• DATA PROVIDED
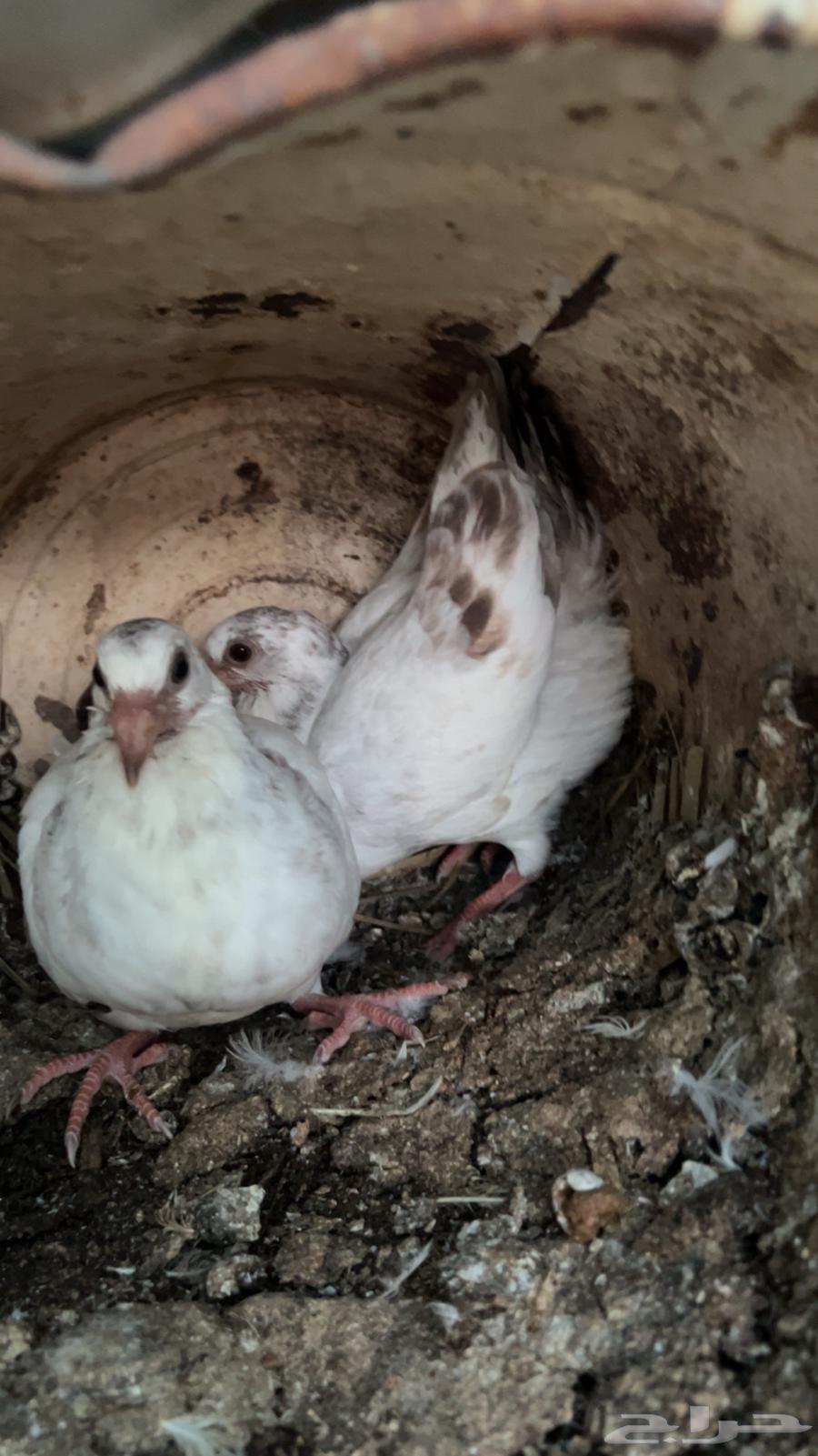 فروخ حمام للبيع فرنسي سلفر زاجل منتف جاهز64515375230467111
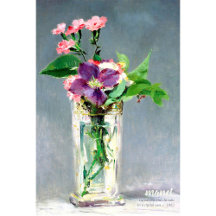 Manet Carnatis clematis CC1240 Flores bonitas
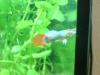 Dringent Guppies abzugeben !!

• AIM OF THE EXERCISE
Write out all the material above exactly, with no image carried over.

• EXPECTED OUTPUT
 فروخ حمام للبيع فرنسي سلفر زاجل منتف جاهز64515375230467111
 Manet Carnatis clematis CC1240 Flores bonitas
 Dringent Guppies abzugeben !!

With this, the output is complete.